Una forma de examinar el desempeño de la protección social en los países de la región consiste en analizar el esfuerzo -en términos tributarios y de inversión pública social- junto con los logros en materia de cobertura. Como se aprecia en la tabla 2, en América Latina subsisten brechas evidentes en la provisión de bienestar: en promedio, solamente el 38% de la población ocupada tiene cobertura en pensiones y 52 % en salud, mientras que en los países de brechas severas de bienestar esas proporciones apenas llegan a 18 y 25 %, respectivamente. Incluso en el caso de los países de brechas modestas de bienestar, la cobertura de la seguridad social no es universal, de modo que urge la búsqueda de alternativas para mejorar las respuestas estatales en este ámbito.
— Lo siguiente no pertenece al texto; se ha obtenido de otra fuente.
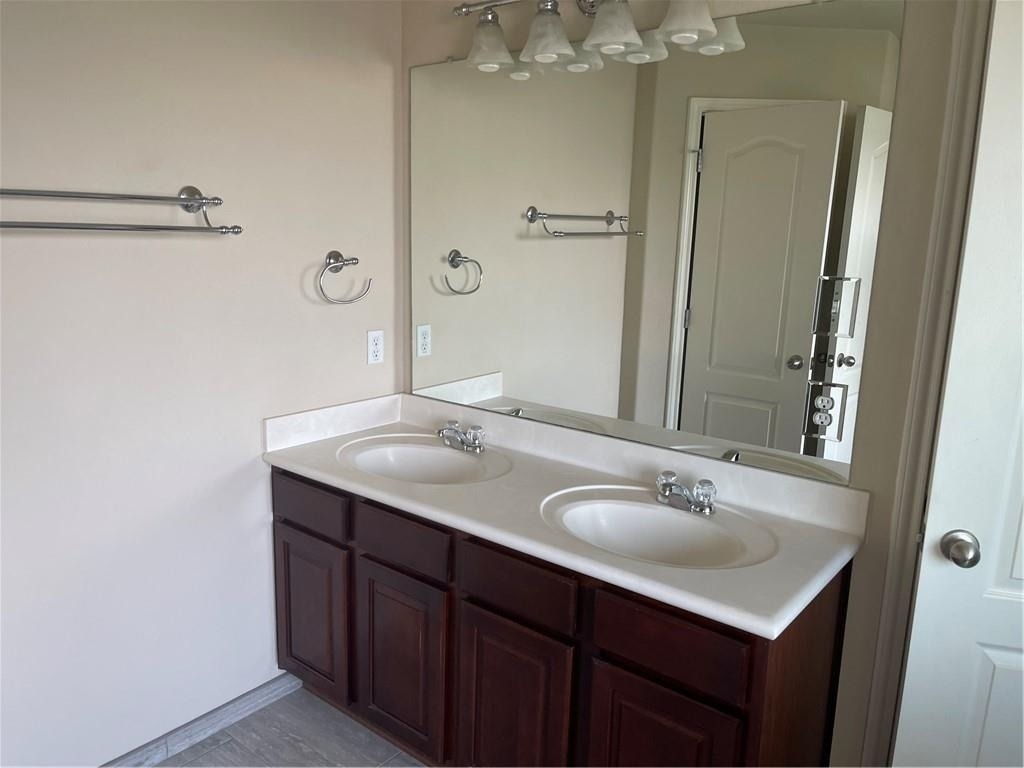 1718 Woodvista Pl - Photo 4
Las tendencias entre 2000 y 2012 de los tres indicadores de esfuerzos presentados en la tabla 2 son positivas para los tres grupos de países: los ingresos tributarios y la inversión pública social, tanto como proporción del PIB como en términos absolutos, aumentaron. Los ingresos tributarios y la inversión social en términos de porcentajes del PIB crecieron un 21,3 %, mientras que -gracias al crecimiento del PIB - el aumento real de la inversión social en dólares por habitante fue muy superior (68,1 %).

En relación con los indicadores de cobertura, se puede apreciar que las diferencias en cobertura de pensiones y salud son muy grandes entre los países de brechas modestas, moderadas y severas. Alrededor del año 2000, las diferencias entre el grupo de brechas modestas y el de brechas severas eran de 58 puntos porcentuales en cobertura de pensiones entre la población mayor de 65 años, y 48 y 60 puntos porcentuales en afiliación de los ocupados a sistemas de pensiones y salud, respectivamente. Dichas diferencias se mantuvieron -o hasta aumentaron- a lo largo de la década porque los avances fueron más decididos en los países de brechas modestas de bienestar. En estos últimos, entre los años 2000 y 2012, la cobertura de pensiones entre la población mayor de 65 años se incrementó del 71,5 a 75,7 %, y los ocupados afiliados a un sistema de pensiones pasaron de 58,1 a 67,1 %. En materia de cobertura de salud, en el año 2000 el 79,1 % de los ocupados de los países de brechas modestas estaban cubiertos por algún tipo de seguro de salud, mientras que dicho indicador no superaba el 30,5 y el 20,7% entre los países de brechas moderadas y severas, respectivamente. Al 2012, el progreso más significativo en materia de seguros de salud entre los ocupados fue entre los países de brechas moderadas, quienes lograron doblar la cobertura. Este avance se sumó a importantes logros en materia de pensiones, lo que contribuye a aumentar la diferencia con los países de brechas severas pero sin disminuir la distancia respecto a los países con brechas modestas de bienestar (Cecchini y Vargas, 2015).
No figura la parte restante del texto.